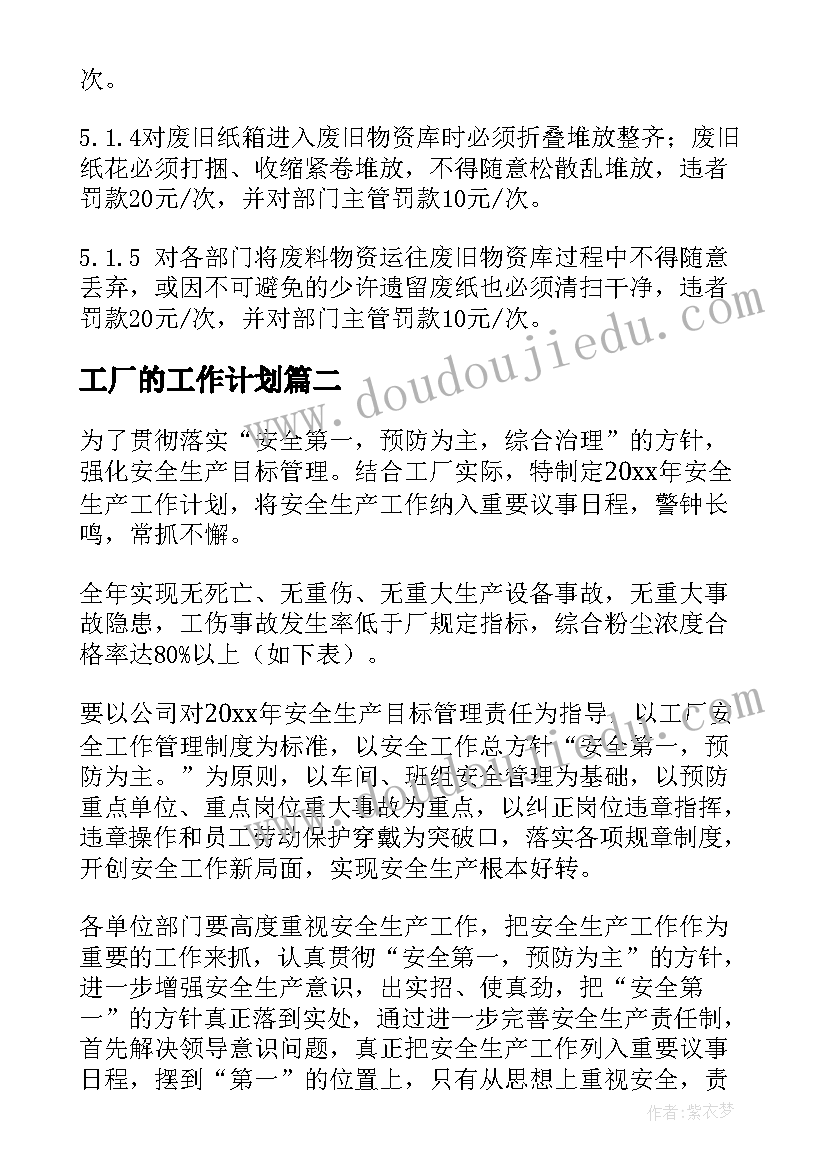 最新幼儿园大班幼小衔接教学计划 大班幼小衔接工作计划(优质6篇)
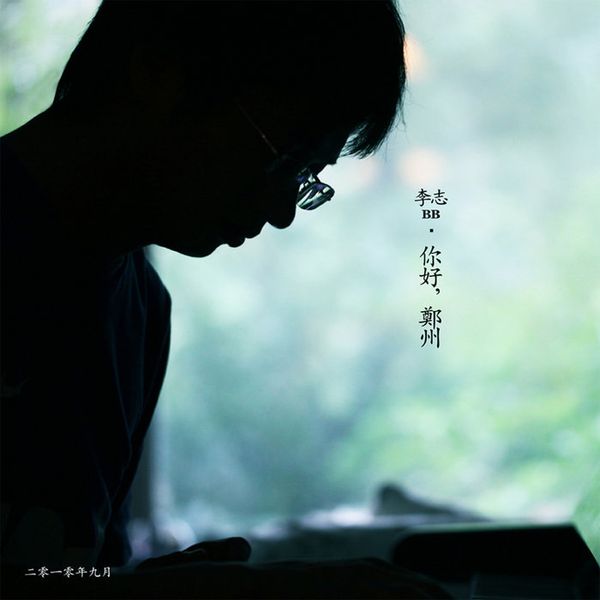 0901 你好，郑州--李志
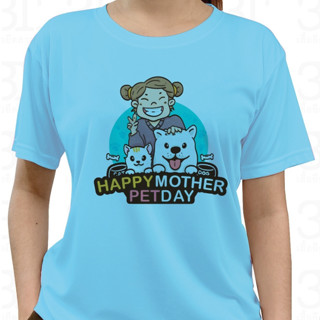 เสื้อวันแม่ (ลาย HAPPY MOTHER PET DAY) ผ้าไมโคร ใส่สบาย พร้อมส่ง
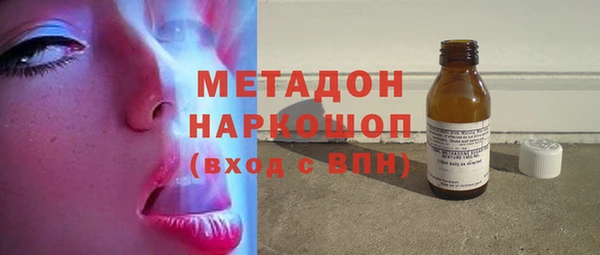 мдма Новокубанск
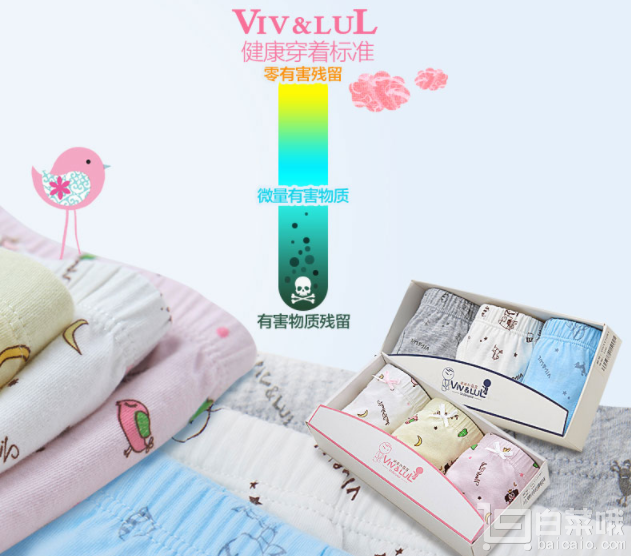 Viv＆Lul 中大童纯棉三角短裤3条 多款￥19包邮（￥59-40）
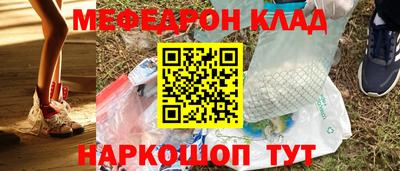 круглые Заволжье
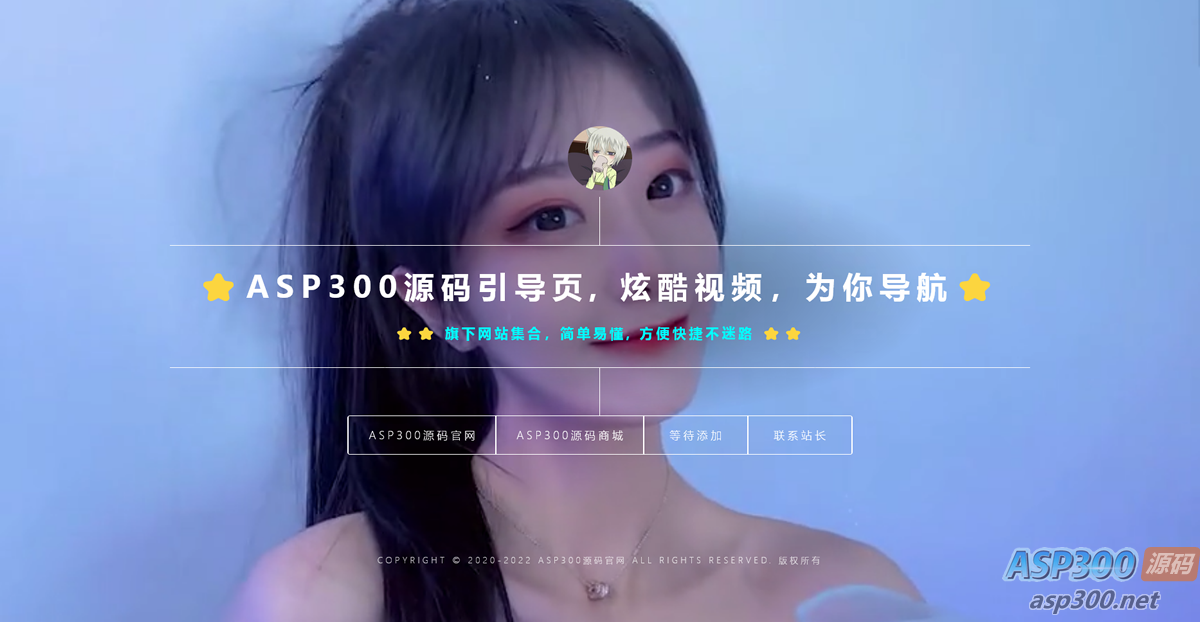 2023新版视频背景网址导航引导页面源码带背景动态HTML源码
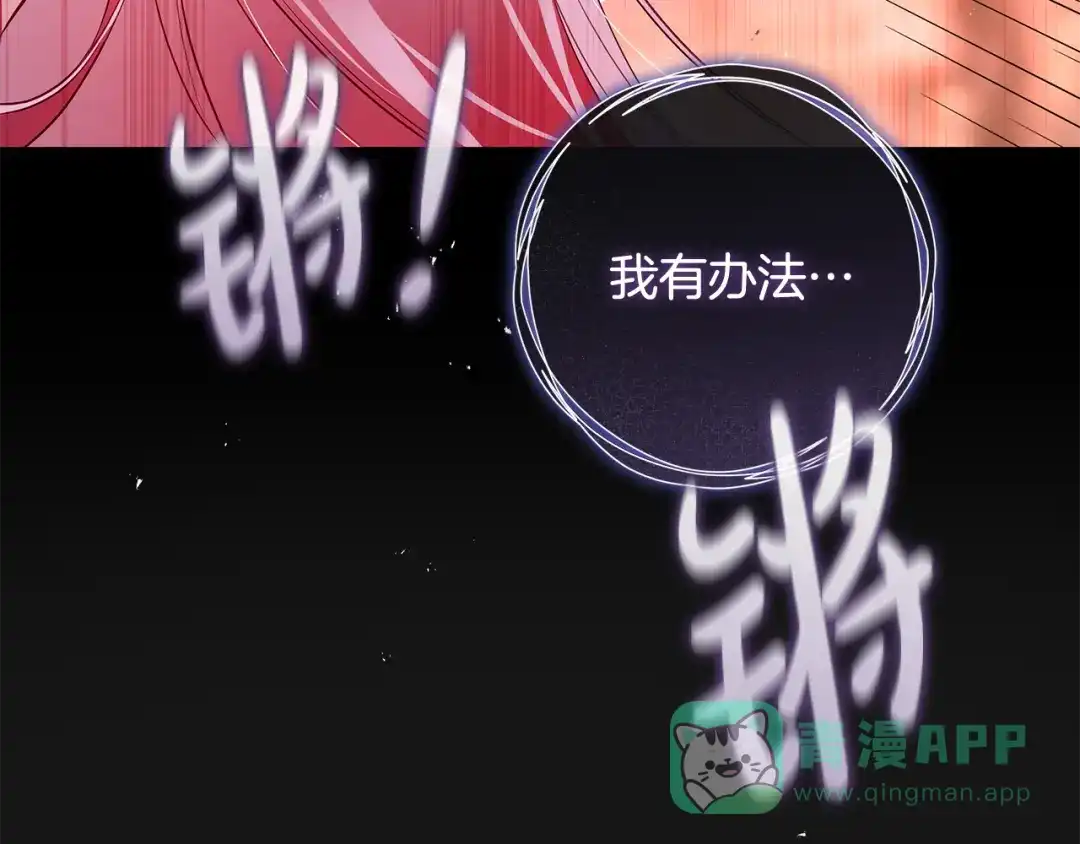 《执剑之花》第3话 回溯时间 第161页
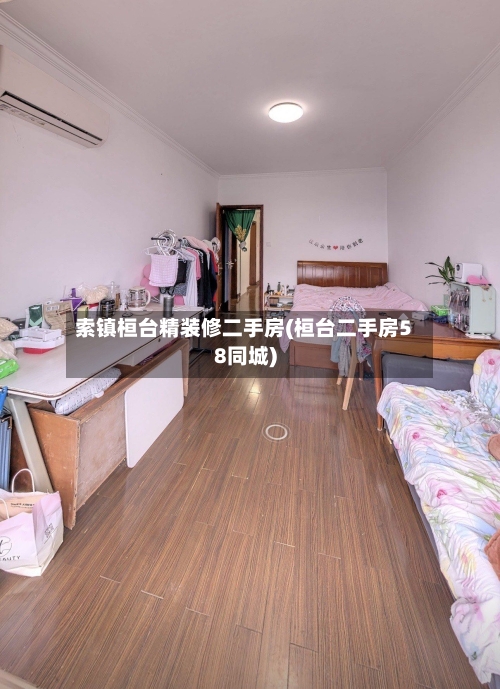 索镇桓台精装修二手房(桓台二手房58同城)-第3张图片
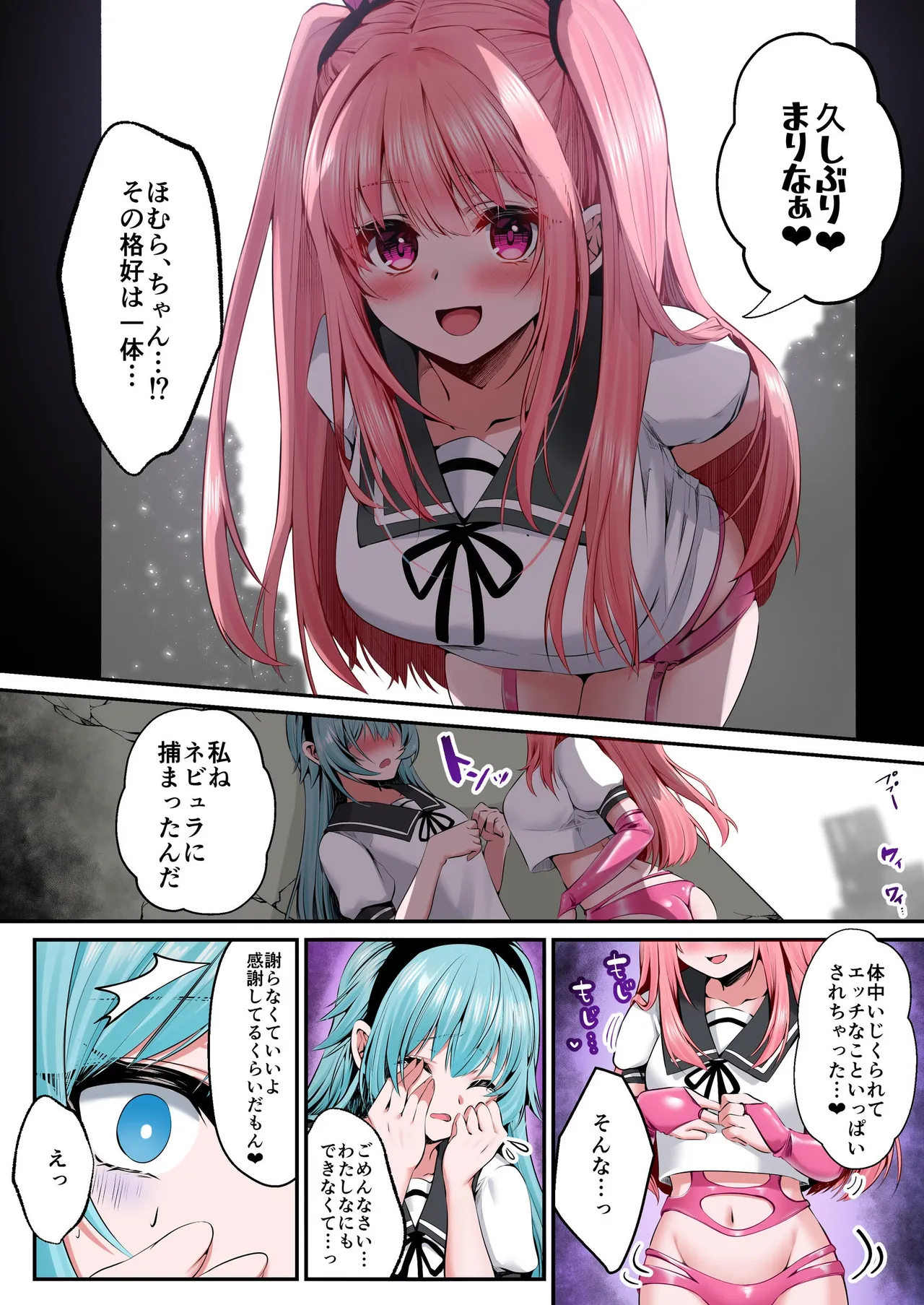 魔法少女セイントリリィ・フルカラー総集編 Page.47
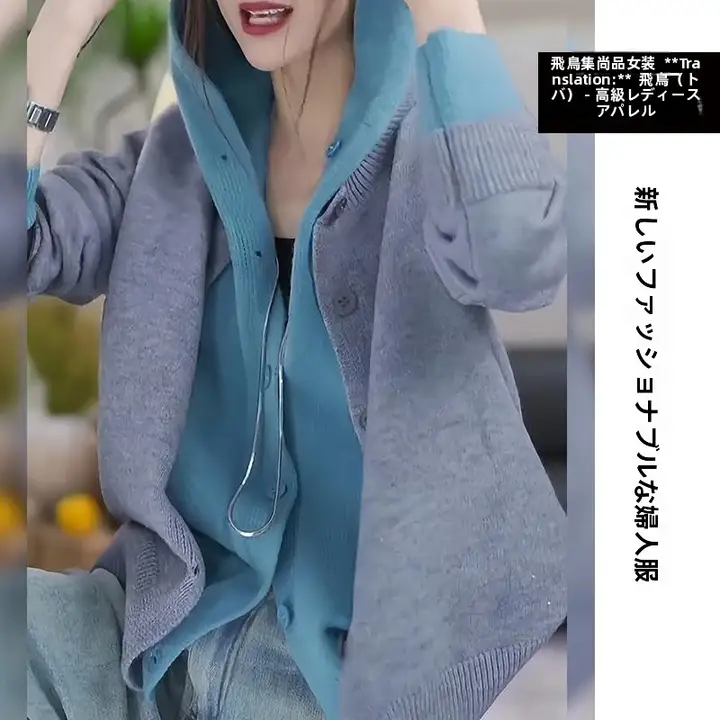 デザイン性のあるカラーブロック長袖フード付きニットセーター【女性用・カジュアル・重ね着スタイル】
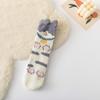 Nuevos Calcetines de Medio Forro Polar de Coral con Dibujo de Búho Estilo Coreano para el Hogar, Calcetines Gruesos Cálidos para Dormir, Otoño e Invierno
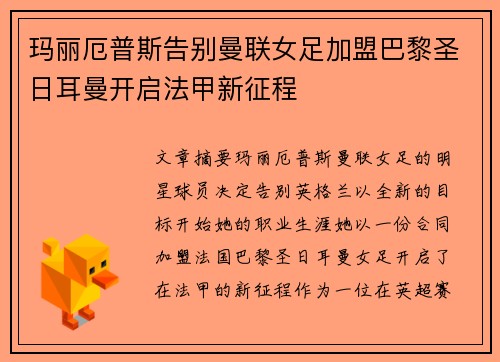 玛丽厄普斯告别曼联女足加盟巴黎圣日耳曼开启法甲新征程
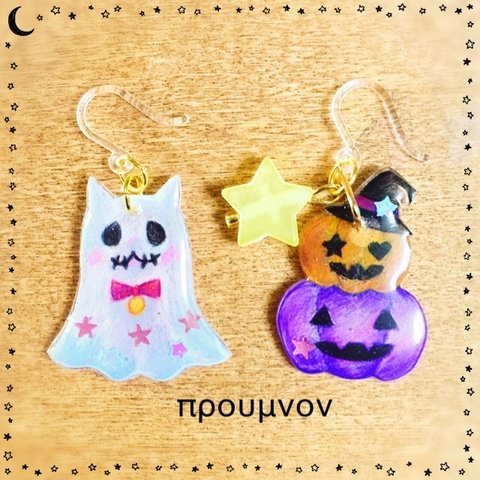 ハロウィン✳︎ピアス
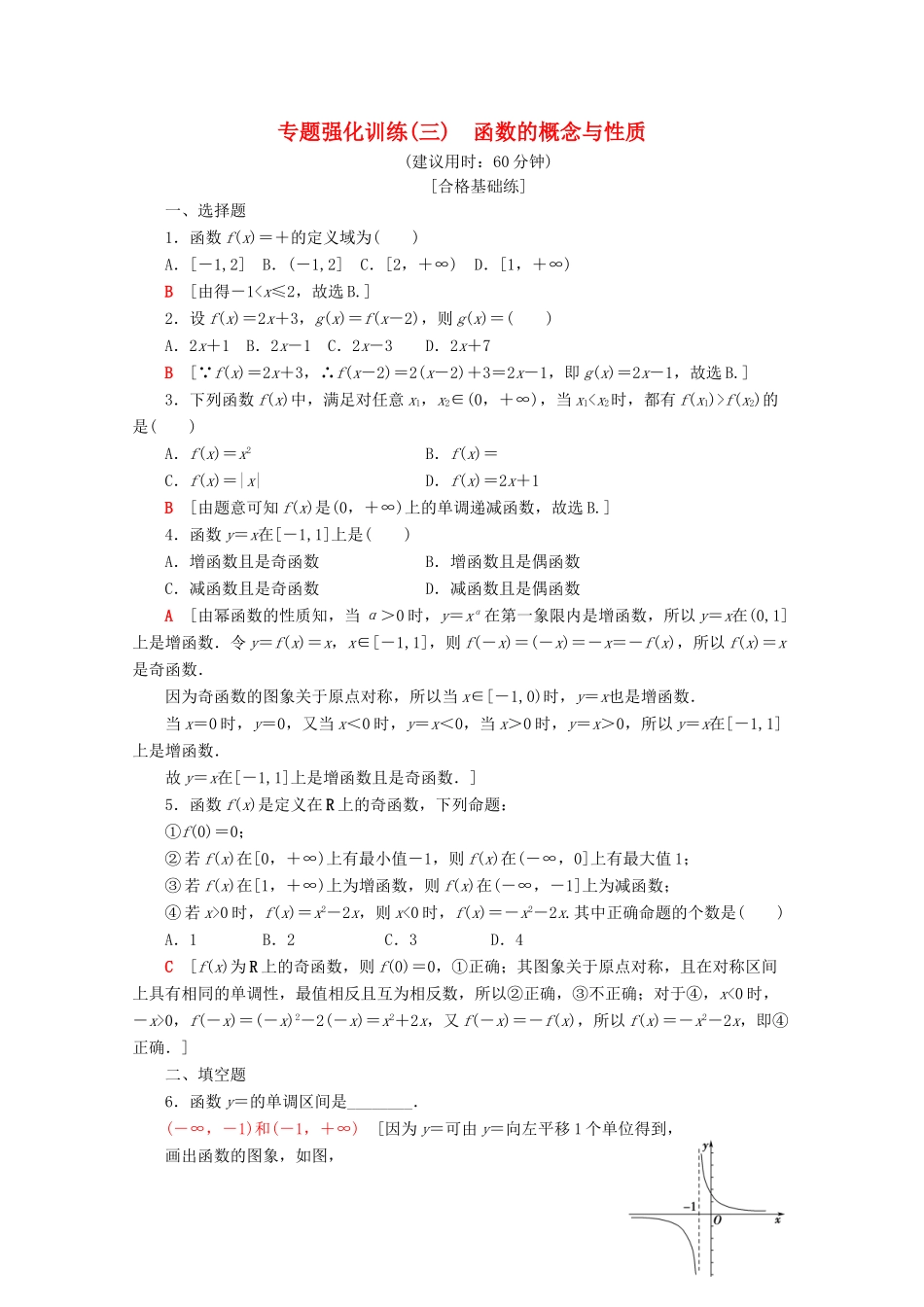 高中数学 专题强化训练（三）函数的概念与性质（含解析）新人教A版必修第一册-新人教A版高一第一册数学试题_第1页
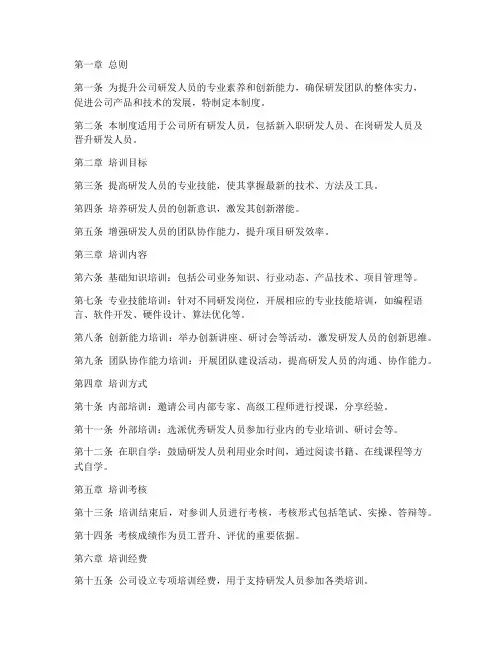 研发人员培训管理制度范文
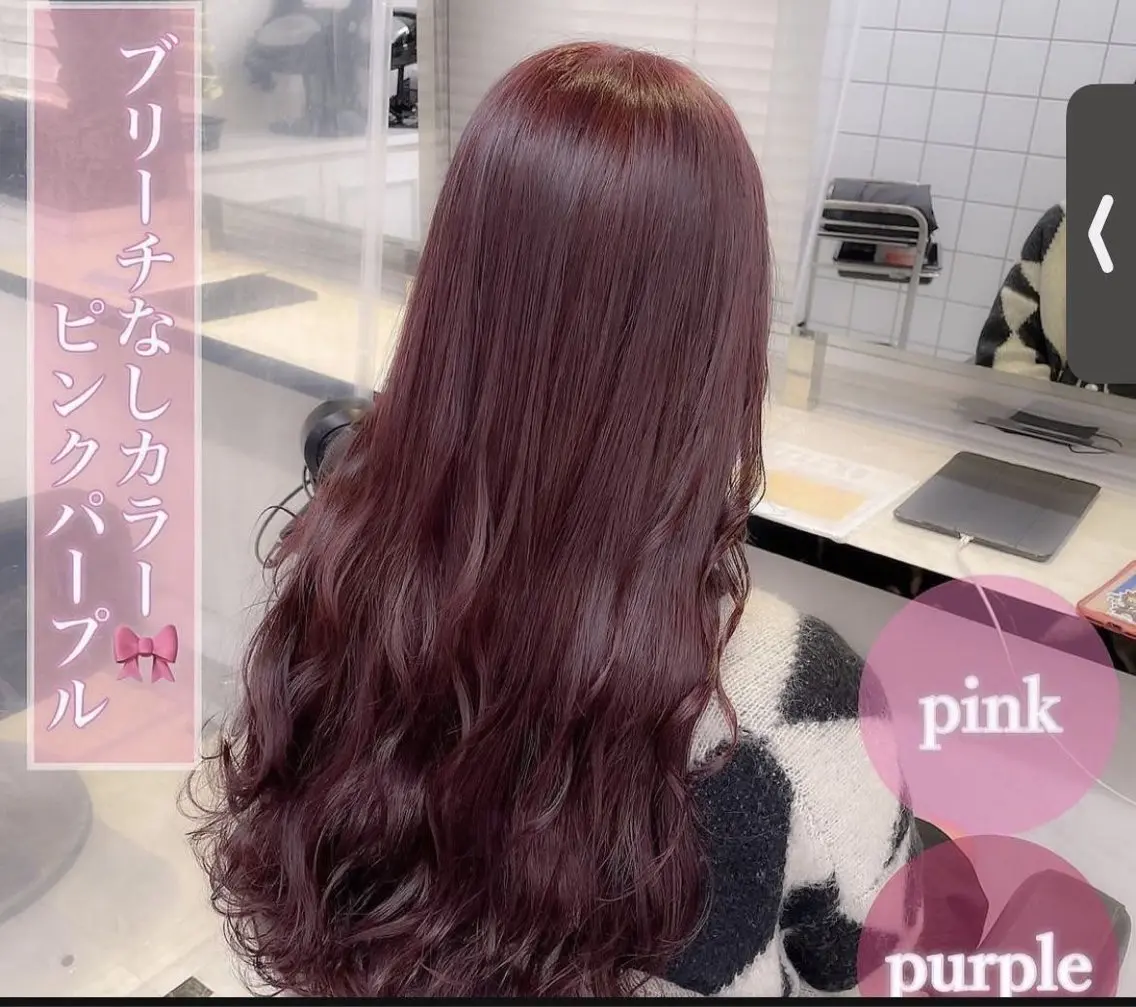 ロング カット ヘアカラー トリートメント 🦋高屋敷陸🦋 レイヤー/ハイトーンのヘアスタイル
○ ○ ○
_Try it_
Restate word for word only the lines from the one with "Viv＆Lul 中大童纯棉三角短裤3条 多款￥19包邮（￥59-40）" through the last line of the material, both included. Any picture should be left out.

_Exercise answer_
 Viv＆Lul 中大童纯棉三角短裤3条 多款￥19包邮（￥59-40）
 круглые Заволжье
 2023新版视频背景网址导航引导页面源码带背景动态HTML源码
 《执剑之花》第3话 回溯时间 第161页
 索镇桓台精装修二手房(桓台二手房58同城)-第3张图片
 魔法少女セイントリリィ・フルカラー総集編 Page.47
 デザイン性のあるカラーブロック長袖フード付きニットセーター【女性用・カジュアル・重ね着スタイル】
 Nuevos Calcetines de Medio Forro Polar de Coral con Dibujo de Búho Estilo Coreano para el Hogar, Calcetines Gruesos Cálidos para Dormir, Otoño e Invierno
 玛丽厄普斯告别曼联女足加盟巴黎圣日耳曼开启法甲新征程
 ハロウィン✳︎ピアス
 高中数学 专题强化训练（三）函数的概念与性质（含解析）新人教A版必修第一册-新人教A版高一第一册数学试题_第1页
 研发人员培训管理制度范文
 ロング カット ヘアカラー トリートメント 🦋高屋敷陸🦋 レイヤー/ハイトーンのヘアスタイル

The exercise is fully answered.